- Relator(a)
- Ministro Gurgel de Faria
- Órgão julgador
- Primeira Turma
- Data do julgamento
- 30/05/2022
- Data de publicação
- 07/06/2022
STJ – Acórdão, Rel. Ministro Gurgel de Faria, Primeira Turma, j. 30/05/2022, p. 07/06/2022
PROCESSUAL CIVIL E TRIBUTÁRIO. NEGATIVA DE PRESTAÇÃO JURISDICIONAL. NÃO OCORRÊNCIA. ARROLAMENTO DE BENS. ADESÃO A PARCELAMENTO. BENEFÍCIO DE ORDEM. INEXISTÊNCIA. ACÓRDÃO COMBATIDO. FUNDAMENTO AUTÔNOMO. IMPUGNAÇÃO AUSÊNCIA. DISSÍDIO JURISPRUDENCIAL. ANÁLISE. INVIABILIDADE. 1. Não há violação do art. 1022 do CPC/2015 quando o Tribunal de origem se manifesta de forma clara, coerente e fundamentada sobre as teses relevantes à solução do litígio. 2. "Na forma da jurisprudência do STJ, os "§ § 8º e 9º do art. 64 da lei nº 9.532/97 dispõem expressamente sobre as hipóteses de cancelamento do arrolamento do bem, dentre as quais não se inclui a adesão a parcelamento tributário. Nos termos dos dispositivos citados, o arrolamento de bem somente será cancelado nos casos em que o crédito tributário que lhe deu origem for liquidado antes da inscrição em dívida ativa ou, se após esta, for liquidado ou garantido na forma da Lei nº 6.830/1980" (STJ, REsp 1.467.587/RS, Rel.
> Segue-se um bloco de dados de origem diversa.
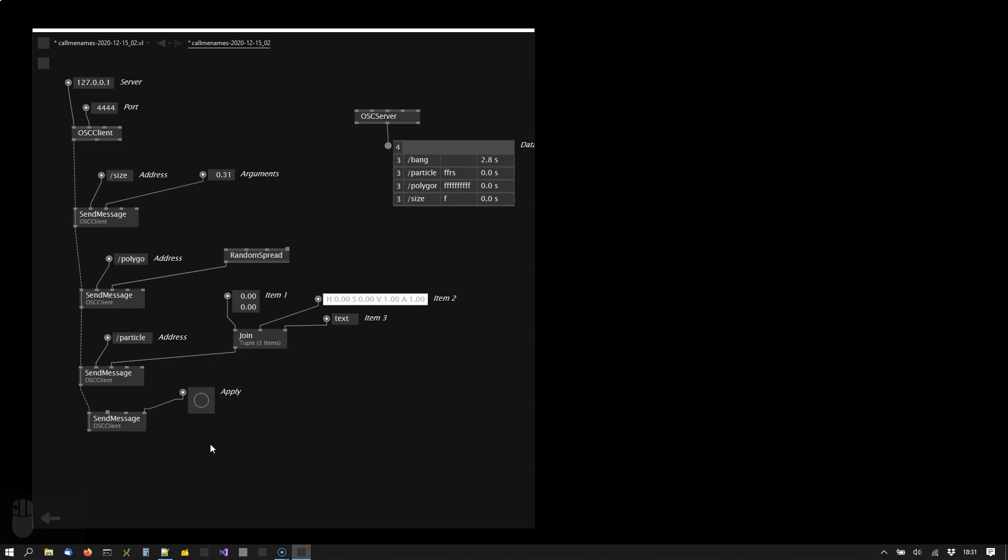Yeah, and this is already the most important things you need to know about sending OSC messages from VVVV.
Ministro Mauro Campbell Marques, Segunda Turma, DJe de 06/02/2015)" (AgInt no REsp 1.513.861/SC, Rel. Ministra Assusete Magalhães, Segunda Turma, julgado em 04/12/2018, DJe 12/12/2018). 3. A responsabilidade solidária em matéria tributária autoriza a autoridade administrativa a imputar a obrigação de pagar o tributo a qualquer um dos sujeitos passivos envolvidos na ocorrência do fato gerador, não havendo benefício de ordem. 4. Incidem as Súmulas 283 e 284 do STF, em aplicação analógica, quando não impugnado fundamento autônomo e suficiente à manutenção do aresto recorrido, sendo considerada deficiente a fundamentação do recurso. 5. "O não conhecimento do especial pelo conduto da alínea a do permissivo constitucional inviabiliza, por conseguinte, a análise do alegado dissídio pretoriano" (AgInt no REsp 1.601.154/PR, Rel. Ministro SÉRGIO KUKINA, Primeira Turma, julgado em 27/02/2018, DJe 06/04/2018). 6. Agravo interno desprovido. (AgInt no REsp n. 1.818.364/RS, relator Ministro Gurgel de Faria, Primeira Turma, julgado em 30/5/2022, DJe de 7/6/2022.)